Anma etkinliğinde ilk konuşmayı şairin düşünsel ve siyasi yanını anlatmak için İstanbul Kültür Üniversitesi Uluslararası İlişkiler Bölümü Öğretim Üyesi Doç. Dr. Yunus Emre yaptı. “Hafta içi ve yorucu bir günün sonunda bu kadar insanın Attila İlhan’ı anmak için burada olması, Türkiye’den umutlu olmamız için bir neden gösteriyor” diyen Emre sözlerine, etkinliğin düzenlenmesinde katkıda bulunan Attila İlhan Bilim Sanat Kültür Vakfı’na ve Kadıköy Belediyesi’ne teşekkür ederek başladı. Attila İlhan’ın bir şair, senarist ve politika üzerine yazan biri olarak en önemli özelliğinin bu konulara meraklı herkesi çarpması ve ezber bozması olduğunu söyleyen Emre, İlhan’ın orijinal ve çarpıcı fikirleriyle insanları etkilediğini vurguladı. Emre, Attila İlhan’ı “özel bir dönemin bir sol aydını” olarak tanımlarken, Türkiye’de var olan sol akımın içinden doğmuş bir kişi olarak sol akıma köklü eleştiriler getirdiğini söyledi. Bir gün sol hareket Türkiye’de tekrar güçlenirse Attila İlhan’ın buradaki rolünün önemli olacağını vurgulayan Emre, İlhan’ın siyasi yaklaşımını şu sözlerle anlattı: “1929 sonrası temel mesele faşizm ve komünizm arasındaki ideolojik kamplaşma meselesiydi. O, ne faşizmin, ne de Sovyet komünizminin yanında yer aldı. Milli komünizm diye adlandırdığı bir başka akımdan bahsediyor İlhan. Bunun yanında bir önemli gayreti de Kemalizm ile bu akım arasındaki bağlara işaret etmek. Milliyetçiliği bir zorunluluk olarak gören İlhan, Türk aydınının 1960’dan sonra sol kemalizm diye tanımladığı düşünceyi kendi ifade gücüyle sık sık gündeme getirmiştir.”
“KENDİNE ÖZGÜ BİR ŞAİR…”
Gecede ikinci konuşmayı yapan Şair Baki Ayhan konuşmasında Attila İlhan’ın şair yönünü ele aldı. Nazım Hikmet’in ve Orhan Veli’nin de Türk şiirinde birçok devrim yaptığını söyleyen Ayhan, buna rağmen modern şiir deyince en önemli ismin Attila İlhan olduğunu belirtti. Ayhan, İlhan’ın şairin toplumsal anlamda söz sahibi olması gerektiğine inandığını söylerken, bu sebeple Garip Akımına ve İkinci Yenicilere ağır eleştiriler getirdiğini ifade etti. Attila İlhan’ın, Namık Kemal, Tevfik Fikret, Nazım Hikmet çizgisinin bir şairi olarak gördüğünü söyleyen Ayhan, onun Türkiye’nin ve dünyanın geçirdiği çalkantılı dönemleri kendisine dert edinen yüzeysel bakmayan entelektüel biri olduğunu dile getirdi. Attila İlhan şiirinin en temel iki özelliğinin sinematografik dili ve imgeselliği olduğunu vurgulayan Ayhan, İlhan’ın hiçbir imgeyi rastgele kullanmadığını ve kendine özgü bir şair olduğunu söyleyerek sözlerini sonlandırdı.

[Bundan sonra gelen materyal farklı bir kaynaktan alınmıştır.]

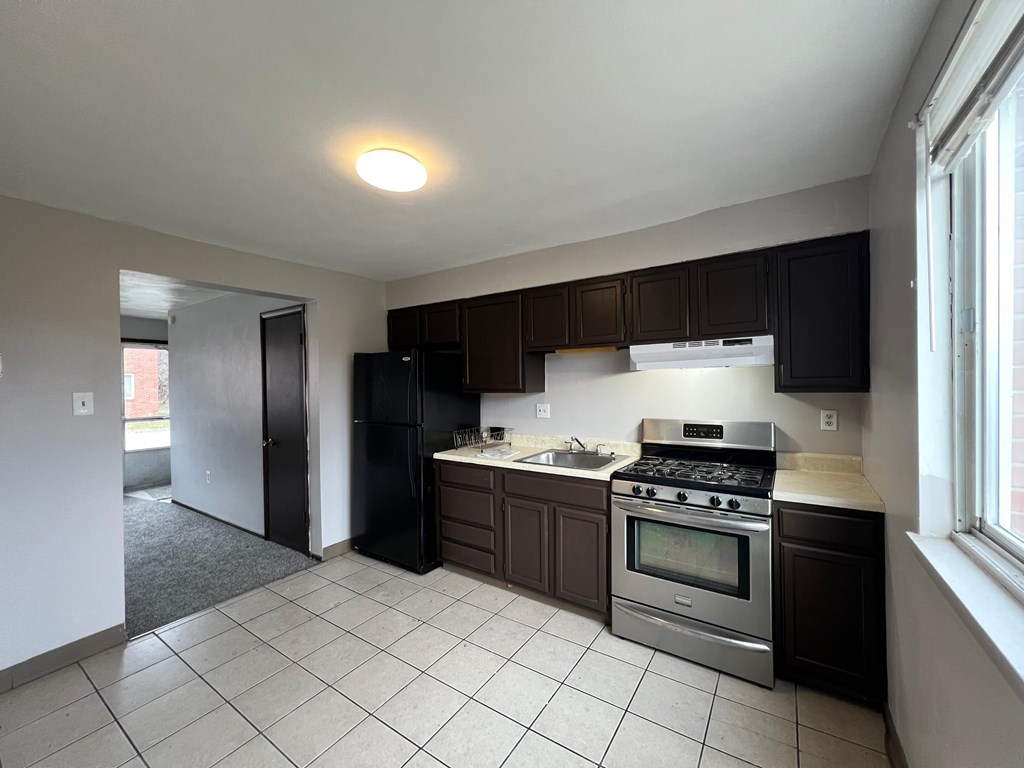 A kitchen with black cabinets and stainless steel appliances.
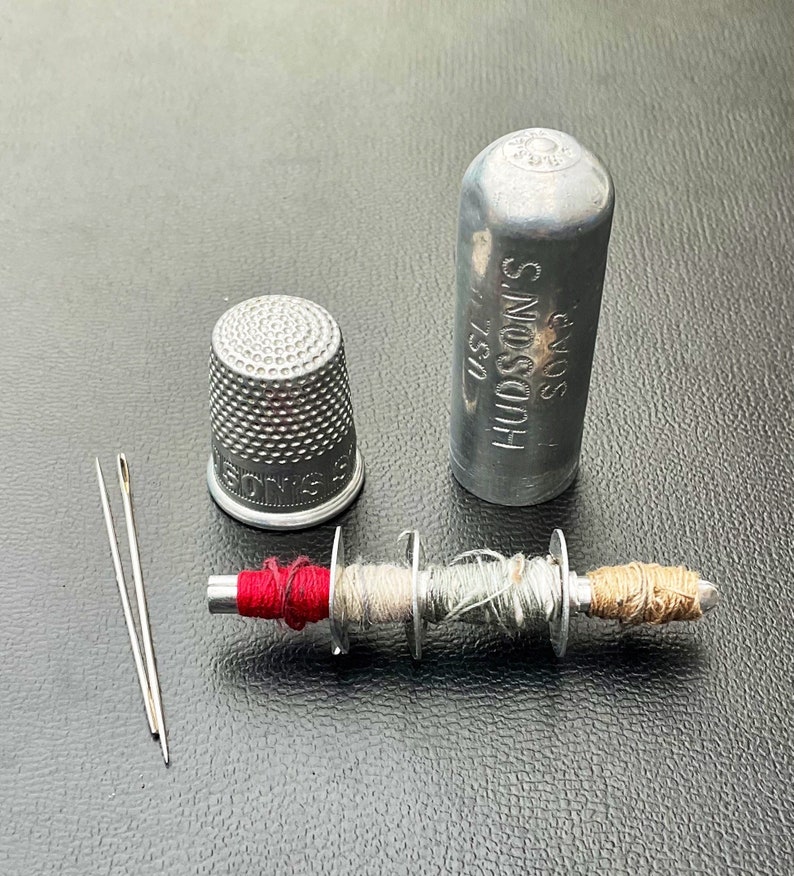 May include: A silver thimble, a small spool of thread with red, white, and brown thread, two needles, and a silver container with the text "HUDSON'S SOAP" on it.
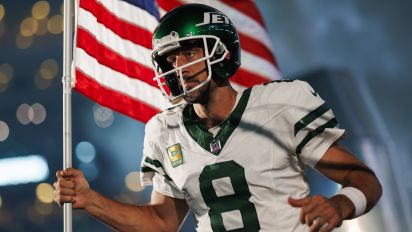 Getty Images - EAST RUTHERFORD, NEW JERSEY - SEPTEMBER 11: Aaron Rodgers #8 of the New York Jets runs onto the field with an American flag during player introductions prior to an NFL football game against the Buffalo Bills at MetLife Stadium on September 11, 2023 in East Rutherford, New Jersey. (Photo by Ryan Kang/Getty Images)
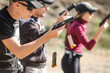 © guruXOX - Young people on tactical gun training classes. Shooting and Weapons. Outdoor Shooting Range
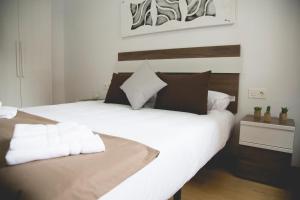 a white bed with white pillows in a room at Be Free Granada in Granada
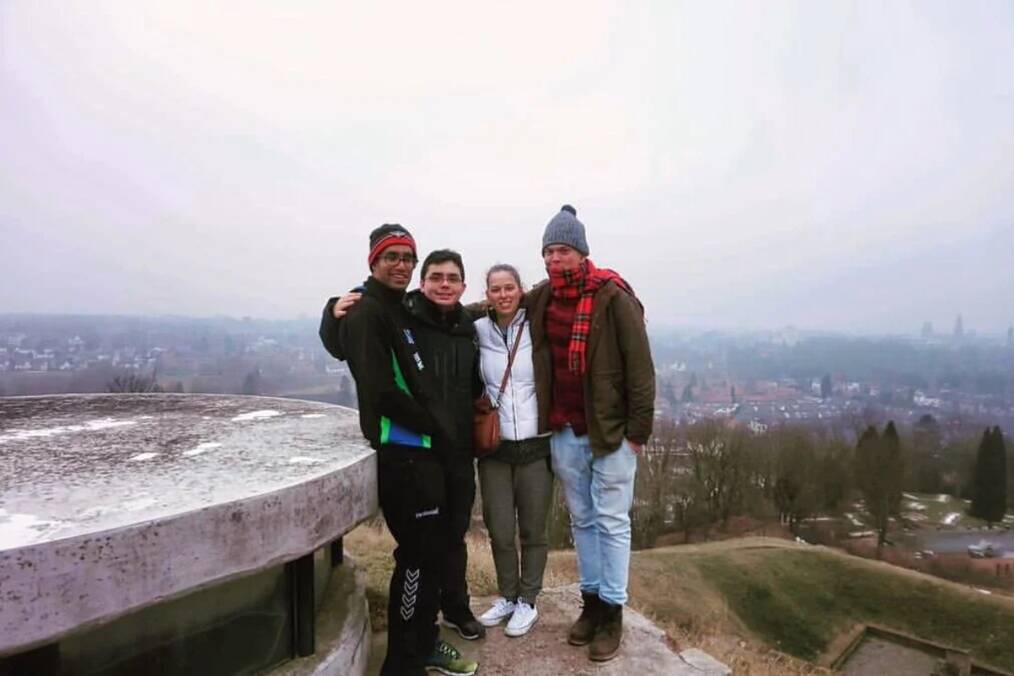 A group of people standing on a hill overlooking a town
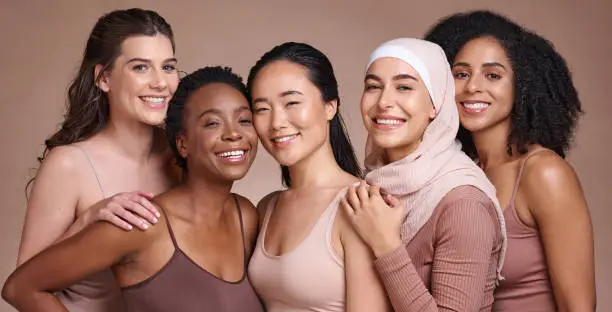 Photo of Diversity, women and beauty with skincare and portrait, smile and happy models, different and empowerment with motivation against studio background. Inclusion, equal and gender with culture and skin.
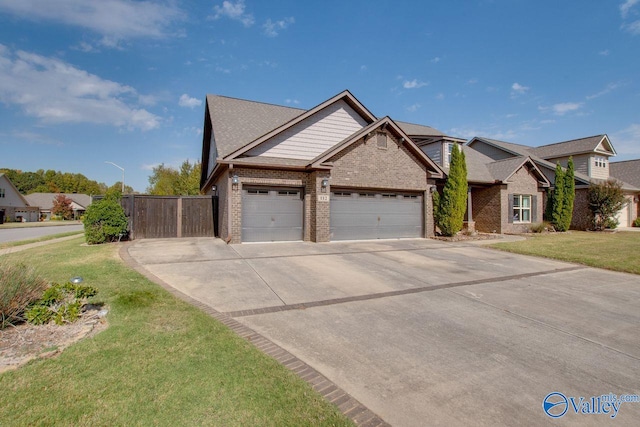 view of front of home featuring a garage and a front lawn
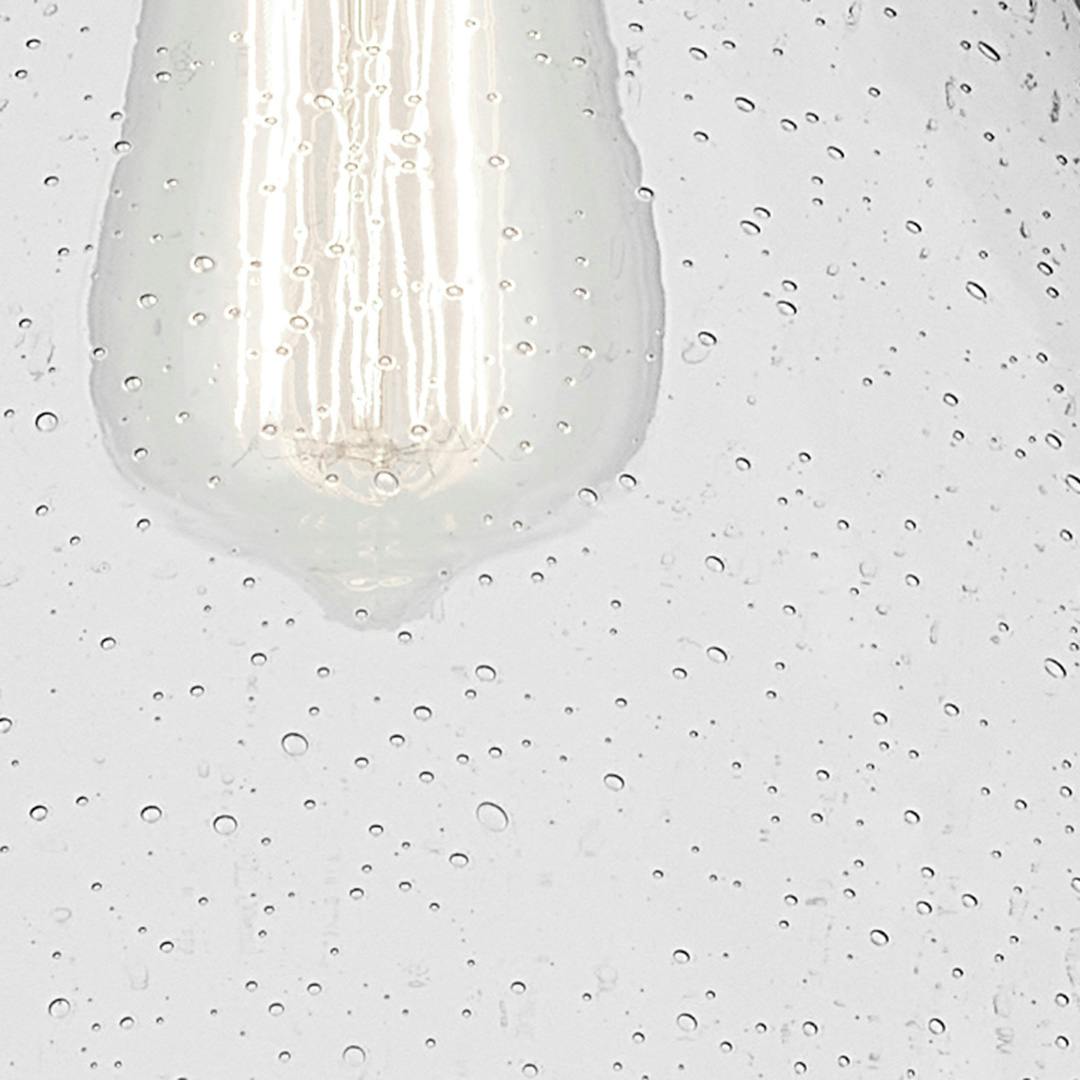 Close up view of the Avery 11.75" 1-Light Cone Pendant with Clear Seeded Glass in Black on a white background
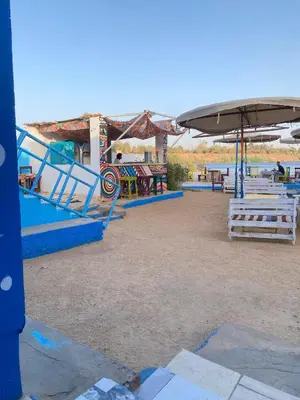 a playground with benches and an umbrella at Torya guesthouse in Aswan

“ONUNLA ÇALIŞMAK BÜYÜK ŞANS”
Gecenin konuşmacılarından biri de Attila İlhan’ın eski hayat arkadaşı, aynı zamanda birçok dizi ve film projesinde birlikte çalıştığı Biket İlhan’dı. Attila İlhan’ın sinemacı kişiliği anlatmak üzere sahneye çıkan İlhan, Attila İlhan’ın sinemayla daha ilkokuldayken ilgilendiğini ve çok sevdiğini söylerken, sinemanın edebi formasyonu içinde çok büyük yeri olduğunu dile getirdi. Attila İlhan’ın romancılığından gelen alışkanlıkla, senaryolarında atmosferin bütün inceliklerini, karakterlerin çizgisini, hatta kameranın nerede duracağını, planların hangi ölçekte olması gerektiğine kadar her şeyi ayrıntılarıyla yazdığını söyleyen İlhan, onunla çalışmanın büyük bir şans olduğunu konuşması boyunca sık sık dillendirdi.
“SADECE ŞAİR DEĞİL”
Gecenin son konuşmacısıysa Attila İlhan’ın arkadaşı usta yazar Selim İleri’ydi. Attila İlhan’ın romancılığı üzerine konuşan İleri, sözlerine Attila İlhan ile ilgili bir hatırasını anlatarak başladı: “Attila İlhan’ın çok büyük bir hayranıydım ben. Bin bir güçlükle adresini bulup ona lise yıllarımda mektuplar yazdım. Yine çok büyük hayranı olduğum kız kardeşi Çolpan İlhan’a da… Sevgili Çolpan İlhan mektubuma bir imzalı fotoğraf ile geri döndü. Ama Attila İlhan’dan bir mektup geldi. O heyecanla 2 “t” yerine 2 “l” ile yazmışım adını. ‘Beni çok seviyorsun ama bari adımı da doğru yazsan’ diye bir cevap gelmişti.” Attila İlhan’ın şairliliğiyle tanındığını fakat bunun dışında çağdaş edebiyatın en büyük romancılarından da biri olduğunu hatırlatan İleri, “ Getirdiği yenilikleri burada saymak mümkün değil” sözleriyle Attila İlhan’ın edebiyattaki devrimciliğine atıfta bulundu. Attila İlhan’ın romanlarındaki göndermelerinin zamanı aştığını söyleyen İleri, konuşmasını “Sanıyorum ki göndermeleri hep bugüneydi. Dünü anlatır gibi görünerek, hep bugüne, şimdiye, şimdiki sorunlarımıza bir açıklık getirmeye, bizi tartışmaya davet eden bir çaba içindeydi.” sözleriyle sürdürdü. Attila İlhan’ın çok yönlülüğüne vurgu yapan İleri, onun bir taraftan toplumsal yanı ağır basan romanlar yazarken, bir taraftan da bireysel sorunlara eğildiğini söyledi. Anma gecesinde sık sık duygusal anlar yaşayan İleri konuşmasını ona olan özlemini anlatan şu sözlerle bitirdi: Ben bugün buraya gelirken, hatta evde otururken, hatta ve hatta sahilde yürürken, hep o birlikte olduğumuz günleri düşünüyorum. Ve çok istiyorum tekrar bir yerde onları görmeyi.”